Avec l’enthousiasme que l’on connait aux enfants dès qu’il s’agit de sauter dans l’eau, cette étape ne prend jamais très longtemps.  Nous nous retrouvons donc eux dans la piscine et moi sur le bord quand le maître-nageur vient à ma rencontre.

Le maître-nageur : « Excusez-moi monsieur, mais la piscine n’ouvre au public qu’à partir de 15h30, les enfants n’ont pas le droit d’être dans l’eau. »

Moi, après avoir constaté qu’il était 15h27 sur l’horloge murale : « Ah pardon, je l’ignorais et je n’avais pas remarqué l’heure en entrant. »

M’adressant aux enfants : « Les enfants, vous devez sortir, nous sommes là trop tôt. » Ils s’exécutent et attendent patiemment au bord de la piscine.

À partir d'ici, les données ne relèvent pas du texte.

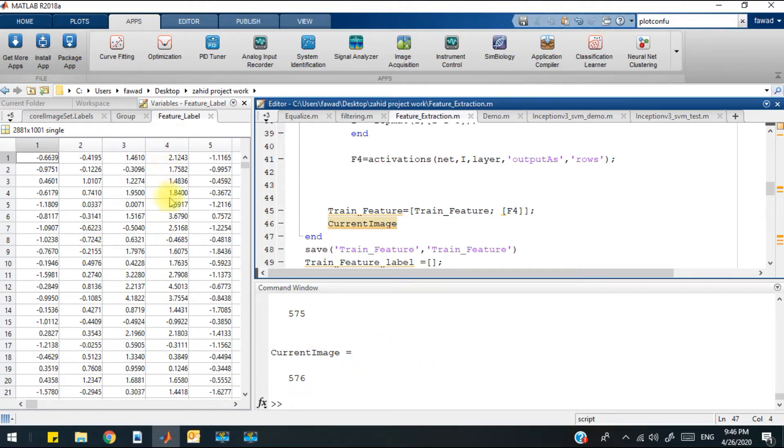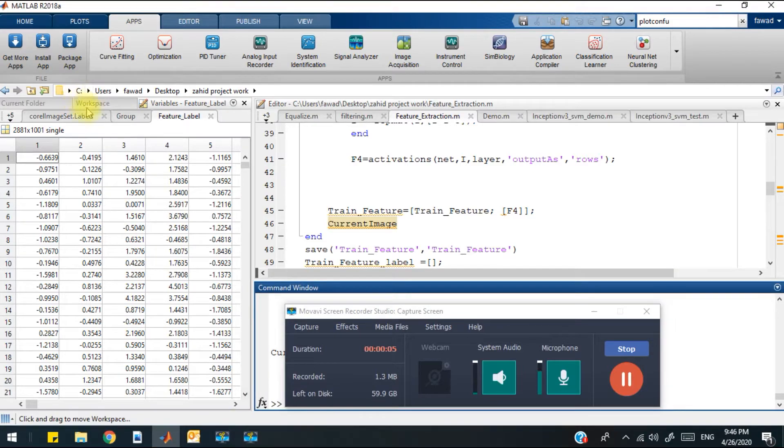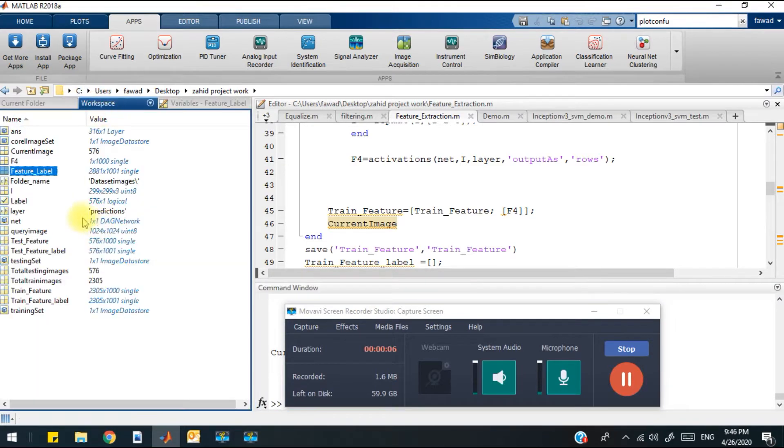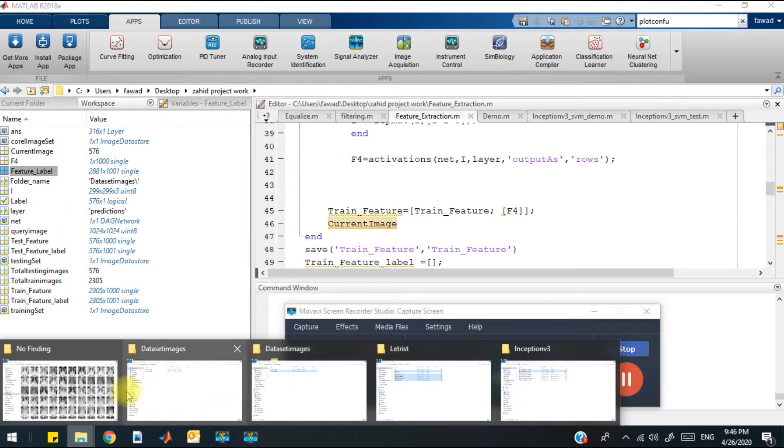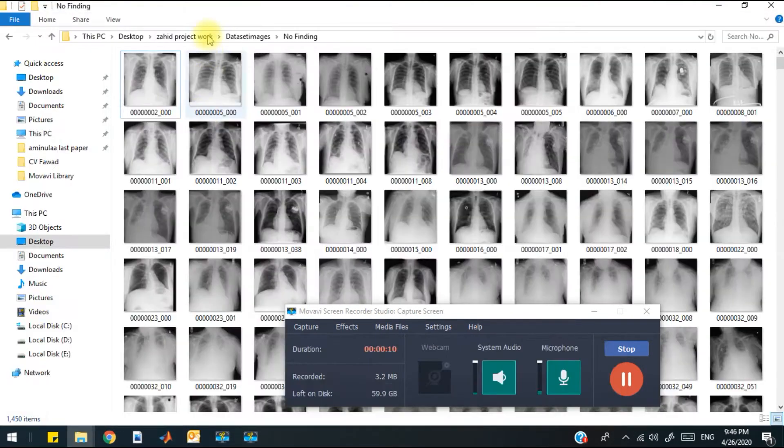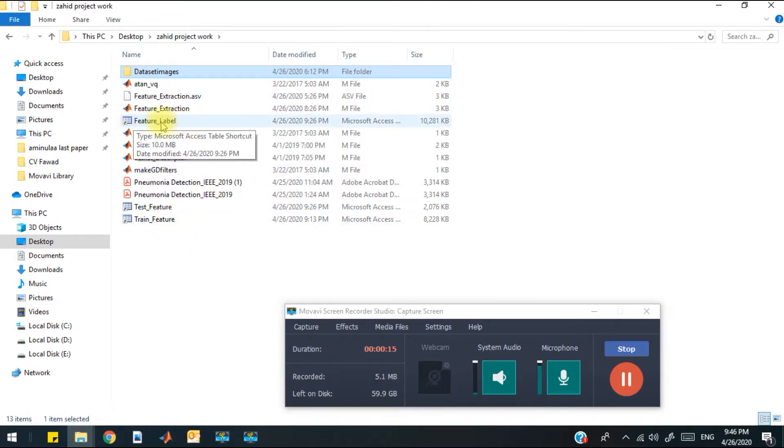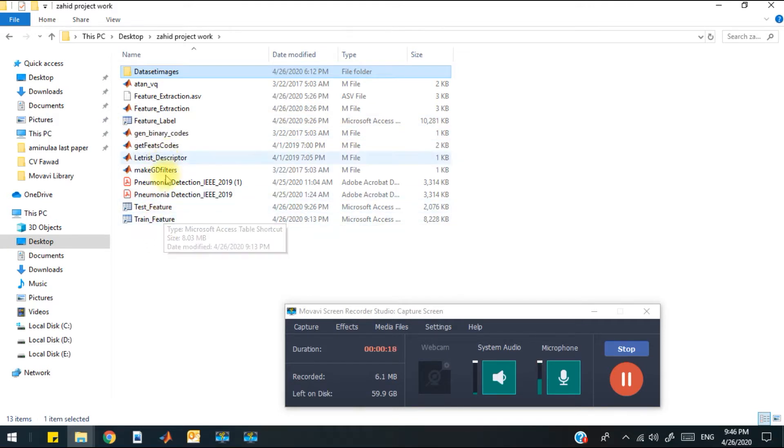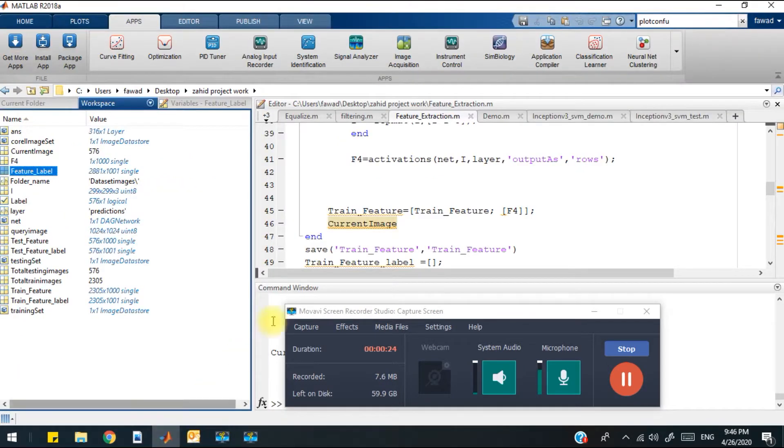Now it's the second part of the code. You can see that within this folder I have got the feature label, test feature, train feature - all the .mat files have been obtained. The next task is to find the area under the curve, the AUC.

L’histoire aurait pu s’arrêter là, un instant de distraction, une méconnaissance de l’horaire de la piscine, des excuses et un peu de patience.

Deux minutes plus tard, 15h29 donc, un deuxième maître-nageur, alerté par le premier, vient à ma rencontre.

Le maître-nageur : « Dites monsieur, vous êtes entré beaucoup trop tôt! »

Moi : « Oui, désolé, je ne connaissais pas l’horaire de la piscine et je n’ai pas eu de remarque à l’entrée. »

Le maître-nageur : « Est-ce que vous vous êtes acquitté d’un droit d’entrée? »

Moi, un peu interloqué : « Nous avons tous les trois un abonnement à l’année, je les ai montrés en entrant. »

Le maître-nageur : « Vous voulez dire que mon collègue à l’entrée ment?  Il me dit qu’il n’a rien vu.  Soit c’est lui qui ment, soit c’est vous! » (je pense pour ma part qu’il y a d’autres cas de figure à envisager…)

Et de poursuivre : « Si vous avez un abonnement à l’année, il est peut-être temps de connaître l’horaire de la piscine, non? »

Moi, sur la défensive : « Ecoutez, je viens tous les mardis avec mes enfants, ils ont cours à 15h45 et je suis toujours là en avance. »

Le maître-nageur : « Impossible, je suis toujours là le mardi, je vous aurais vu si vous veniez trop tôt! » (je pense que nous nous sommes mal compris, je voulais dire avant 15h45 et le maître-nageur a du comprendre avant 15h30)

Moi, agacé : « Je ne pense pas qu’il faille être désagréable, il est 15h32, mes enfants sont dans l’eau, il n’y a plus de problème, si? »

Le maître-nageur : « Il faut respecter les gens, on n’entre pas à l’avance.  Est-ce que vous entrez chez les gens sans leur permission?  Est-ce que vous déposez vos enfants à l’école à 7h du matin? »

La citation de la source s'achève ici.